It’s a somber day for America, a black anniversary. This year it snuck up on me, and somehow, waking up this morning, it just became another part of my day. Years come and go so quickly, and every September comes a little sooner than the last.
I found myself thinking of a song, one that seemed in poor tastes given the date—When You’re Evil, by Voltaire. It’s wonderfully comic, sung through the perspective of an individual who loves evil for evil’s sake, or perhaps sung by the personification of evil.
On the immediate level, it is funny because it is “opposite humor,” a character proud of their wickedness. For me, however, part of the humor is that there is no individual like that. No real character’s motive ever boils down to the statement, “I did evil because it was evil.”
I think C. S. Lewis put it best when dissecting dualism:
“You can be good for the mere sake of goodness; you cannot be bad for the mere sake of badness. You can do a kind action when you are not feeling kind and when it gives you no pleasure, simply because kindness is right; but no one ever did a cruel action simply because cruelty is wrong – only because cruelty is pleasant or useful to him. In other words, badness cannot succeed even in being bad in the same way in which goodness is good. Goodness is, so to speak, itself: badness is only spoiled goodness. And there must be something good first before it can be spoiled.”
Another Blogger put up more of this passage here.
But, we can go a step deeper. I think this song is funny because evil is inherently comic. There is something ridiculous about evil. The image of the petty man is a small sniveling creature, and, though we all know him to be disastrous to us personally, put him in a sit-com and everybody loves to hate him.
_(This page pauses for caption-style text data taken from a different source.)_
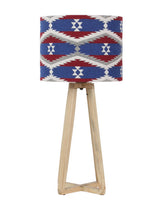 Grated Ginger Brown & Red Printed Handcrafted Table Top Lamp with Shade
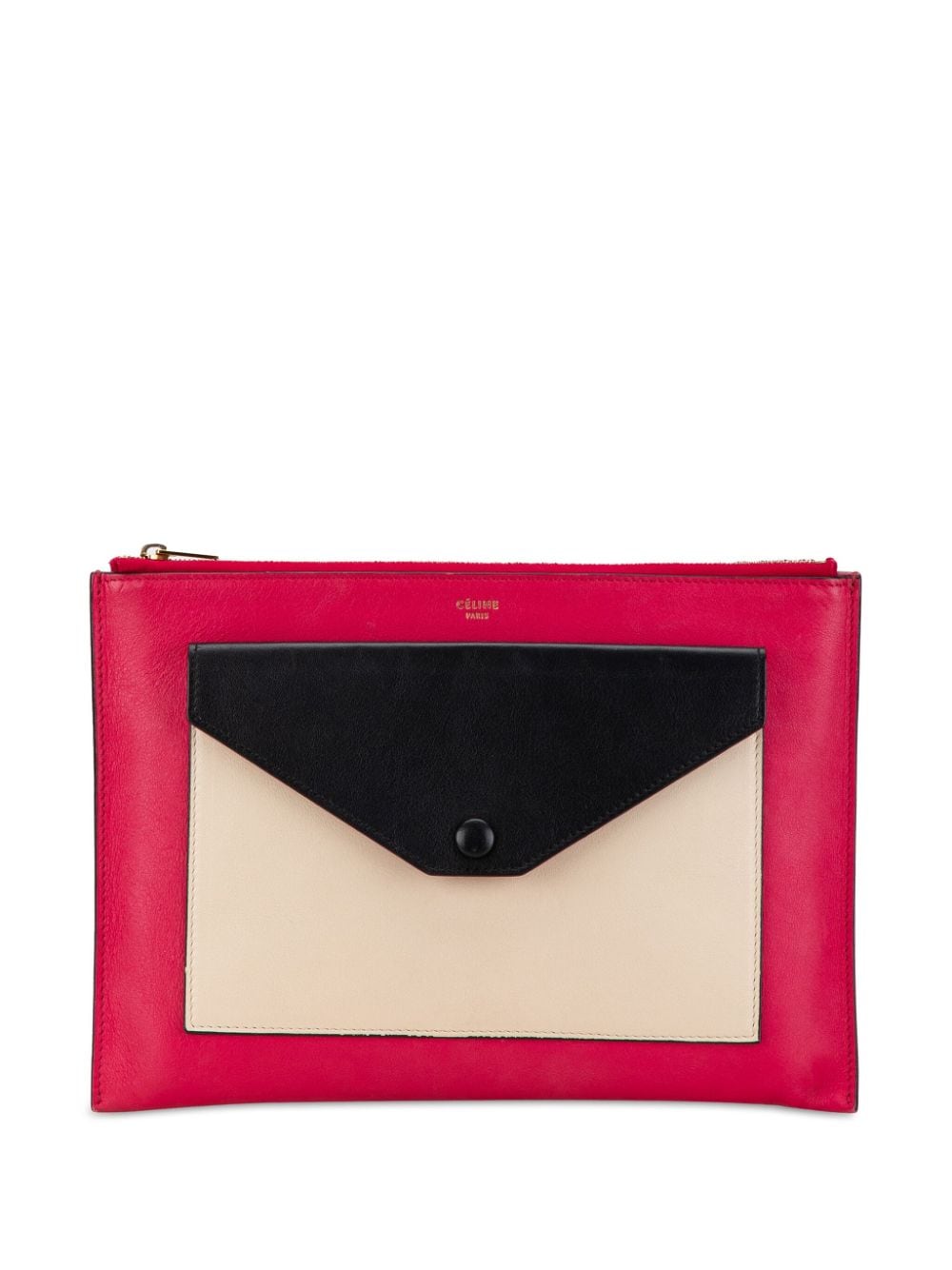 2014 Tricolor Leather Envelope clutch bag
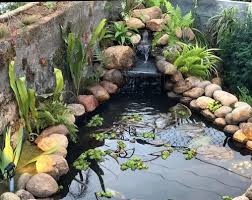 Natural Rock Waterfall Fish Pond At Rs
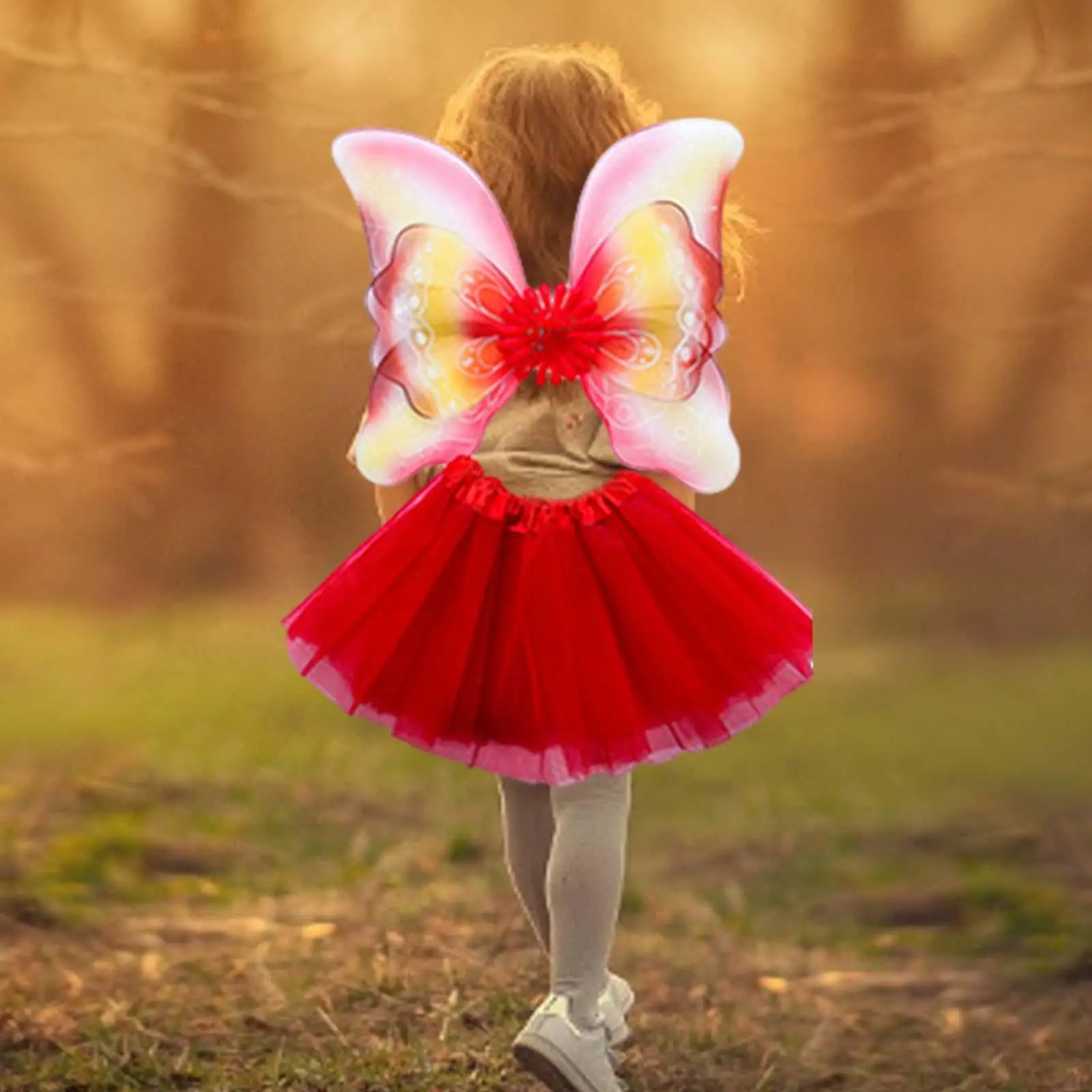 Angel Wing Tutu Skirt Costume Set for Kids Girls Fairy Princess Outfit with Headband Rod Birthday Gift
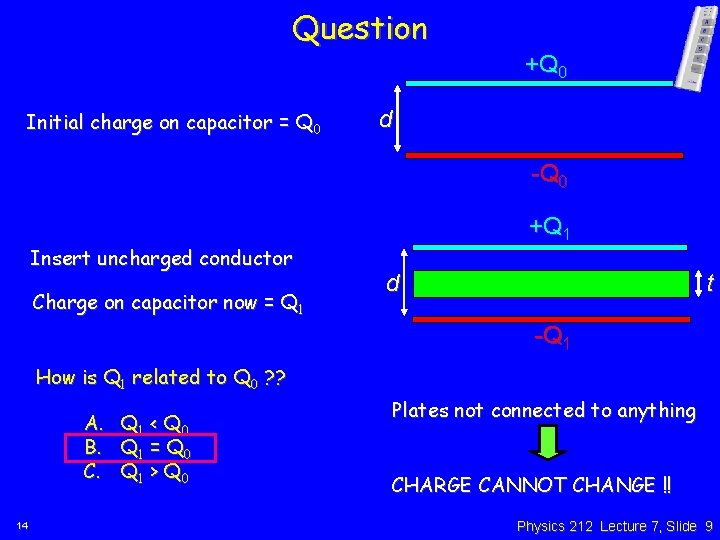 Question +Q 0 Initial charge on capacitor = Q 0 d -Q 0 Insert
The man in the black cape twirling his mustache has become something of a clown, not just because he is thwarted—indeed, sometimes he wins—but as portrayed in 2007’s Meet the Robinsons, he brings more harm on himself than anyone else.
Why is evil funny? because it is a parasite. Even when it wins the day, it only undermines itself. I won’t make any pretenses that I’ve ever read the Divine Comedy, but part of why that phrase resonates so strongly is that, from the eternal perspective, evil has no power.
So, even in the face of suffering, when evil does win the day, when the towers fall, let not your hearts be troubled.